En el extrañísimo caso de Sandro Rosell y su prisión preventiva se ha colado de rondón un subtema que permite reflexionar sobre la farisea relación entre el Derecho y la vida humana.

Resulta que a lo mejor se produjo un tráfico ilegal de hígado humano en beneficio de Eric Abidal. O no. El caso concreto importa mucho menos que comprobar cómo se enfrenta el ordenamiento de cada país al hecho cierto de que las personas hacen cuanto está en su mano para sobrevivir (en su mano, y en su naturaleza, porque si no, ¿qué sentido tendría todo el movimiento eutanásico, que pretende endilgar a un tercero la responsabilidad de acabar con quien no se siente a gusto en este mundo y no puede o no se atreve a suicidarse?).

Trasplantar hígados no es ilegal. ¡Ojalá mi padre hubiese llegado a tiempo para que los protocolos y su deterioro no lo expulsaran de la lista de espera! Lo que es ilegal, se dice, es pagar por ello. Sin embargo, es evidente que el dinero puede comprar mil cosas equiparables a un órgano, que facilitan la vida e incluso la alargan. Como tendencia, la esperanza de vida (que no su felicidad, que quede claro) es inversamente proporcional al poder adquisitivo. Pero a esa obviedad se añaden muchas otras circunstancias en las que la vida acaba teniendo un precio tasable; una de ellas son los trasplantes, pero no es la primera ni la única: ¿o es que no se tiene más o menos rápidamente acceso a un diagnóstico médico cuando se paga una buena prima de seguro? ¿O es que no se evita el “síndrome de la clase turista cuando se viaja cómodamente en primera? ¿O es que no nos han dicho mil veces que lo ecológico es más saludable, aunque una de sus manzanas cueste cuatro veces más que la del supermercado y se haya descubierto la mega trola que hay detrás de ese negocio?

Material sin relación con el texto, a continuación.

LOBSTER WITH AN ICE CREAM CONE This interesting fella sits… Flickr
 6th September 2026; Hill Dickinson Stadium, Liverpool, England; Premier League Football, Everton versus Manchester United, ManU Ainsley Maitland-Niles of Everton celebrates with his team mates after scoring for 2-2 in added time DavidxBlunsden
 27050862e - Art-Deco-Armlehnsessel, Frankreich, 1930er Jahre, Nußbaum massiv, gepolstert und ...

Se comercia con la vida, porque creemos que nuestros deseos son derechos

¿Por qué no se puede pagar por un hígado, si se puede ir a Estados Unidos a comprarle el hijo a una recién parida y, dentro de nada, entre reunión y reunión con Torra, también aquí van a legalizar ese mercado de retoños amparado en el supuesto derecho a ser madre, padre o tertium genus y en la sanísima voluntad de evitar el viaje costoso a los adquirentes? El ser humano está tan en el comercio de las cosas como lo fue durante la larga noche de la esclavitud. Lo único que varía entre la consideración de un esclavo y los hijos de Miguel Bosé (pongan aquí cualquier nombre, no es nada personal contra el genial cantante) son las bonitas fotos de éstos frente a esa historia que nos contó la América abolicionista para distinguir un trabajador de las plantaciones del obrero sin vida propia que protagonizó la primera industrialización. Pero unos y otros son comprables, como lo fueron los niños robados sobre cuyas espaldas arrastramos una ignominia desde el franquismo hasta los años noventa.

Se comercia con la vida, porque creemos que nuestros deseos son derechos. Ahora que será cada vez más fácil que combinemos la carne humana con los nuevos materiales, sustituyendo todo aquello que se nos vaya deteriorando; ahora que nos queda nada para permitir del todo la manipulación genética para evitar la enfermedad, la muerte se irá alargando en el tiempo, y perderá sentido este debate absurdo sobre un hígado ilegal. Pero seguirá siendo relevante, si se confirma el resto de lo que ha salido en la prensa, eso que no tiene relación alguna con el dinero, porque no se puede comprar: qué nivel de gratitud somos capaces de albergar.